В Театре Наций выходит классика жанра — знаменитые «Женихи» Исаака Дунаевского.

Никита Гриншпун дебютировал пять лет назад спектаклем «Шведская спичка», получившим немало театральных наград. Поработав несколько лет в провинции, выпускник «Мастерской Кудряшова» в прошлом году вернулся на московскую сцену — вместе с опереттой «Женихи» — о незадачливых претендентах на руку богатой вдовы эпохи нэпа.

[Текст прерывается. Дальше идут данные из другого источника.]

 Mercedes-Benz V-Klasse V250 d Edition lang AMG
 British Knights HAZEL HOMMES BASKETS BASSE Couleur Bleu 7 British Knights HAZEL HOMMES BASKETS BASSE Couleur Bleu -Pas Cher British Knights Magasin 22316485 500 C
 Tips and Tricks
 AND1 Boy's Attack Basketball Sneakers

После «Шведской спички» вы уехали аж на Сахалин — возглавили Сахалинский Театральный центр имени Чехова. В Москве не было предложений?
Интересных — не было.

Какие преимущества у работы в провинции?
С одной стороны, там жуткая отсталость, Москва и Питер по сравнению с провинцией — просто другая планета. Там, к сожалению, представления
о театре остались еще с советских времен. Это прошлый век, в чем-то даже позапрошлый. Зато провинциальные актеры не так заняты вне театра, как московские. Там с артистами комфортно работать, они быстрее тебя понимают, потому что готовы, включены, жадны в хорошем смысле слова. В итоге все опыты положительны. Я бы не поехал на Сахалин, если бы не предложенная мне там должность худрука. Меня подкупало увлекательнейшее занятие — построить театр: придумать репертуарную политику, выстроить отношения с регионом, посмотреть, как мой взгляд на театр сочетается со взглядом людей, которые там живут.

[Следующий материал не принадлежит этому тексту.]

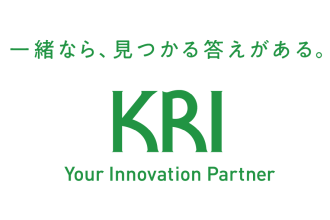 KRI Web展示会（二次電池分野）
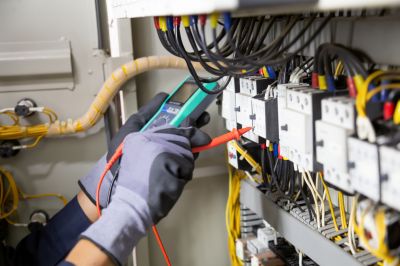 Get Professional Electrical Wiring Service!
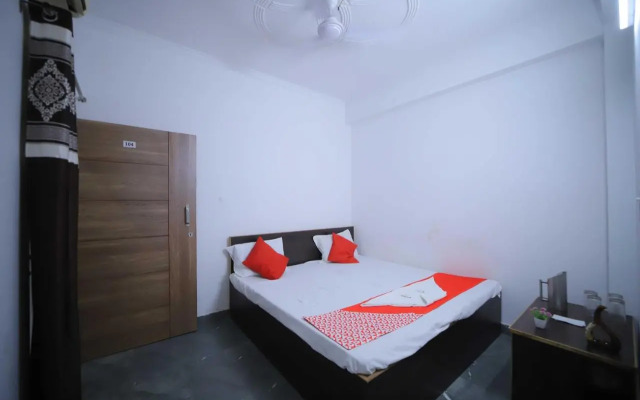 Oyo 91124 Hotel A S Palece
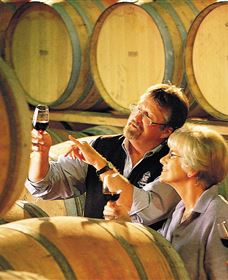 Food, Wine And Farmers Gate Journey On The Legendary Pacific Coast - South Australia Travel 3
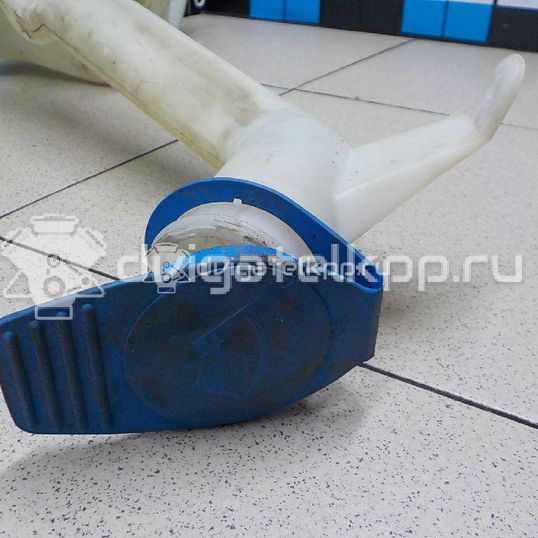 Фото Бачок омывателя лобового стекла  6Q0955453P для Volkswagen Scirocco / Polo / Touran / Xl1 / Amarok S1B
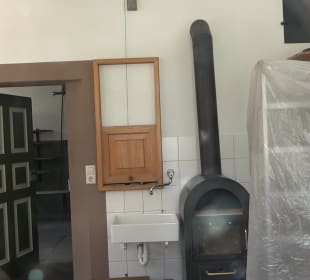 Historisches Backhaus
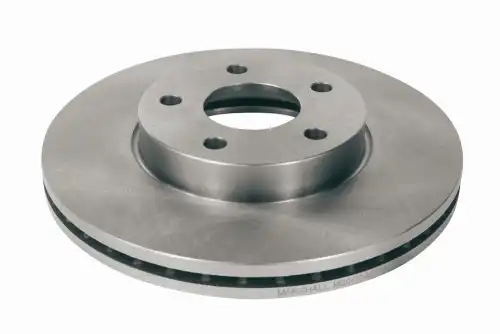 MARSHALL m2000400 - диск тормозной передн.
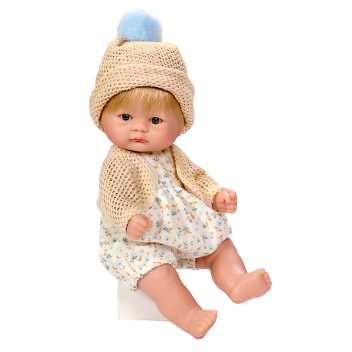 Bomboncín - baby doll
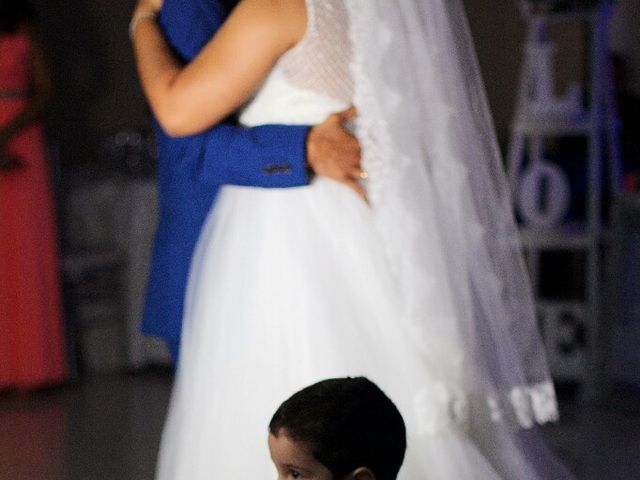 El matrimonio de Alex y Ivonne en Barranquilla, Atlántico 6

В чем особенность сахалинской публики?
Она очень благодарная. Но благодарная тогда, когда получает то, что хочет. Там люди идут в театр, когда знают, на что идут: на любимых артистов, с которыми росли, взрослели, старели, — и им не нужно ничего другого.

Вы там смогли реализовать свои планы?
Я сделал все что хотел. Хотел провести лабораторию современной драматургии — сделал. Хотел поставить Островского — поставил. Выпустил с Артемом Тульчинским спектакль, лучше которого, на мой взгляд, я еще ничего в жизни не ставил — «Фронтовой концерт», составленный из песен военных лет. Мне хотелось сделать это для ветеранов. Когда я видел, как они собираются в зале, я вспоминал своих дедушек и прадедушек, погибших в гетто, и чувствовал сопричастность. Лучшей наградой была благодарность ветеранов. Спектакль прошел всего два раза — 9 мая и 1 сентября, в День освобождения Сахалина от японцев.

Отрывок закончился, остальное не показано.